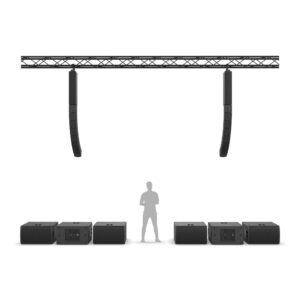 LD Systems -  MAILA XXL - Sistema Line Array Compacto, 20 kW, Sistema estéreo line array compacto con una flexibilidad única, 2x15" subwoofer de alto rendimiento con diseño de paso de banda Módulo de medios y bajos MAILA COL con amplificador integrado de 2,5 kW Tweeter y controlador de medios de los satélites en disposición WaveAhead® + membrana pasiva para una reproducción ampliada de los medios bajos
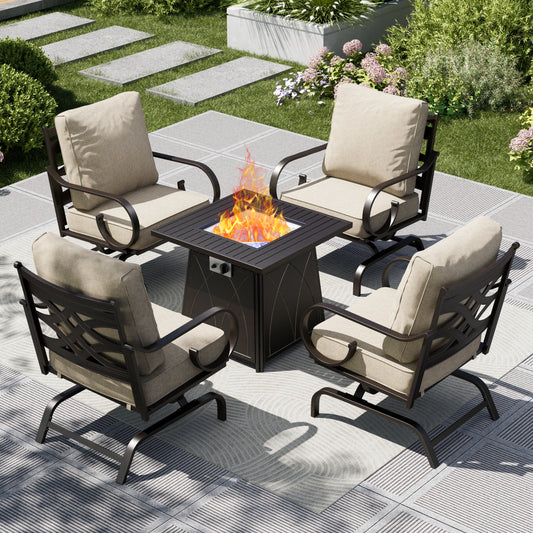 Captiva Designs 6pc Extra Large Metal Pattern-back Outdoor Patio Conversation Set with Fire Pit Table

-------

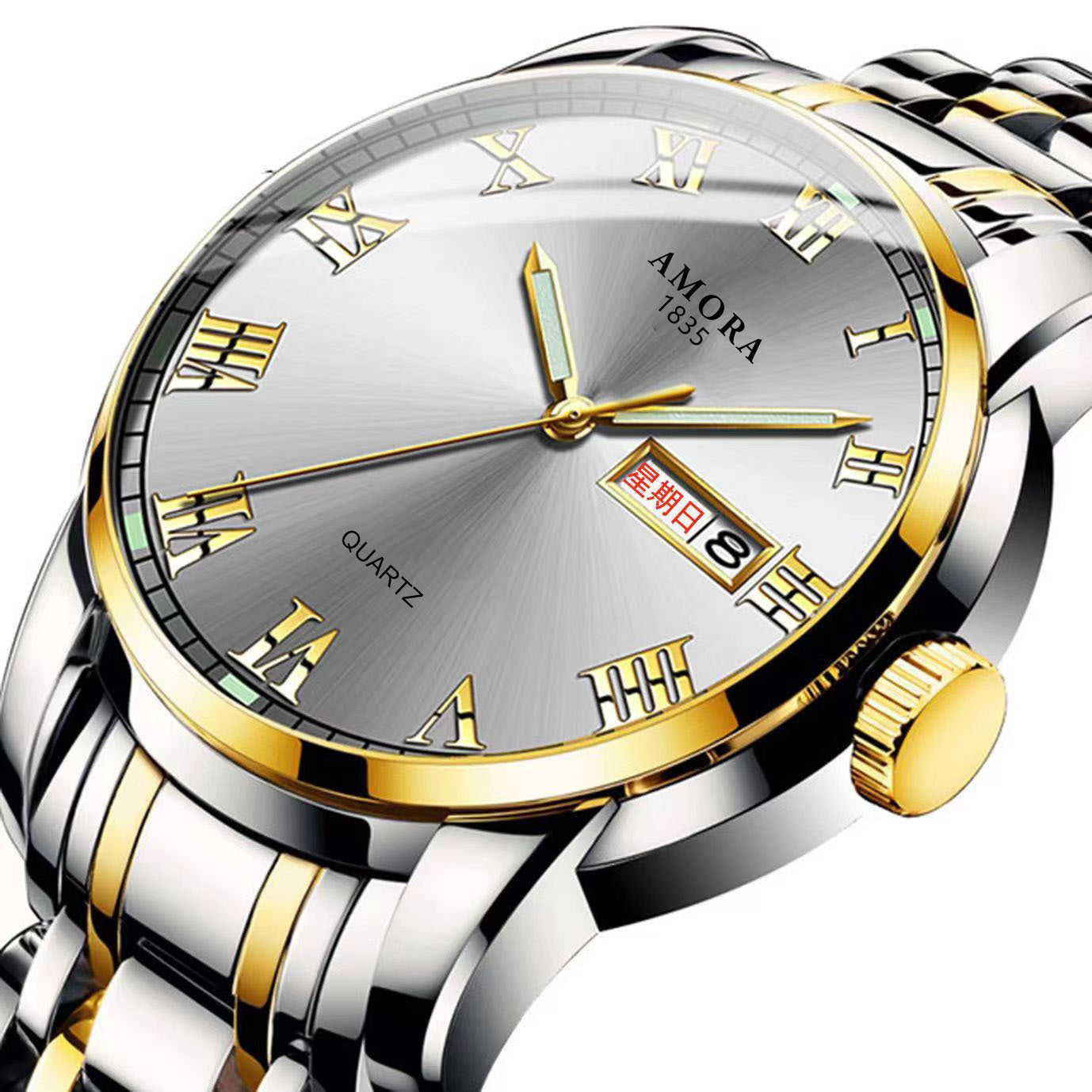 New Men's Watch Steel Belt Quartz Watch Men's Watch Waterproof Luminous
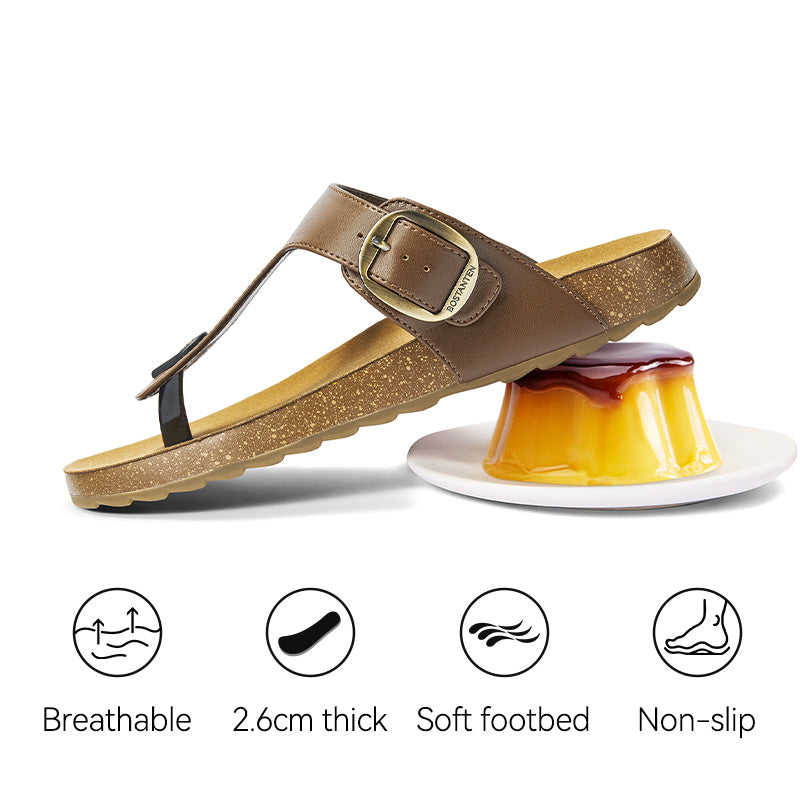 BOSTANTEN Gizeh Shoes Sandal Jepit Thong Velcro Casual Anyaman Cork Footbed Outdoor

-------

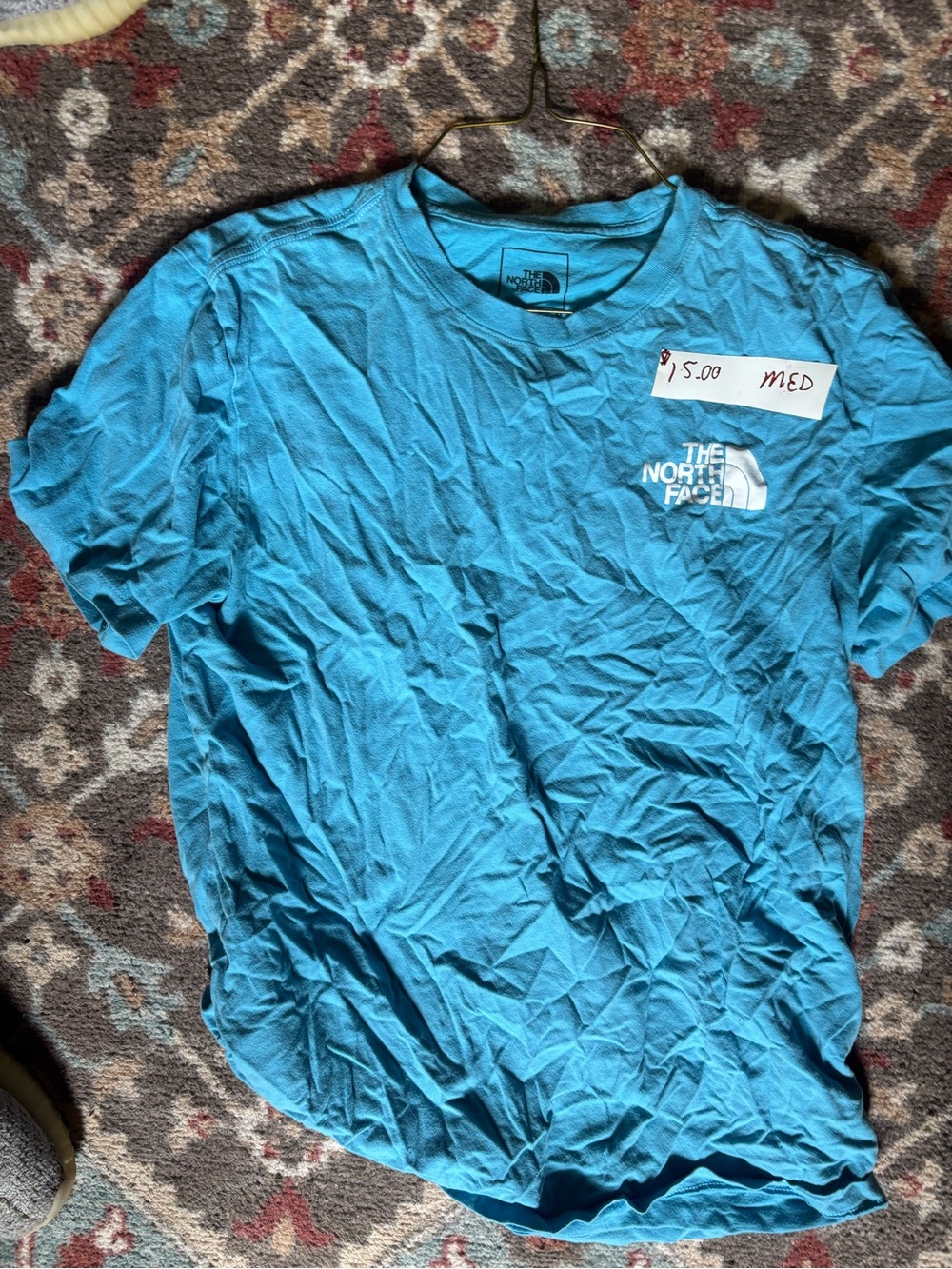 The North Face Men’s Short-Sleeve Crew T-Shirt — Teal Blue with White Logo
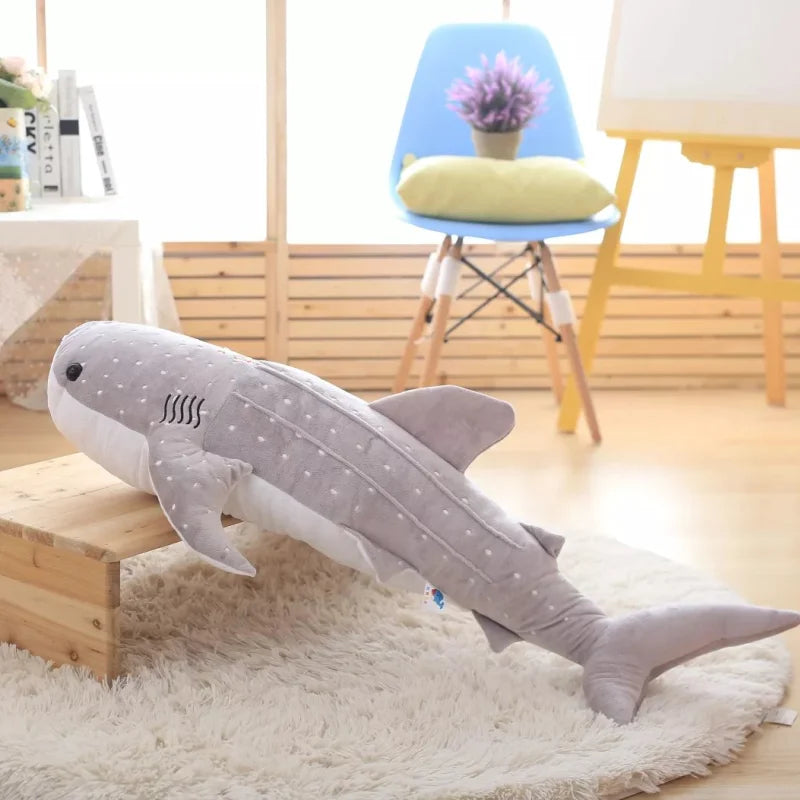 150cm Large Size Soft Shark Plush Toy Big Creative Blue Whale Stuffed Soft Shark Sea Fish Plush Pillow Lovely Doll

-------

#### Exercise objective:
Beginning with the line above that contains "The North Face" and ending with the line that contains "150cm Large Size", quote each line exactly, keeping out the pictures.

#### The completed task:
 The North Face Men’s Short-Sleeve Crew T-Shirt — Teal Blue with White Logo
 150cm Large Size Soft Shark Plush Toy Big Creative Blue Whale Stuffed Soft Shark Sea Fish Plush Pillow Lovely Doll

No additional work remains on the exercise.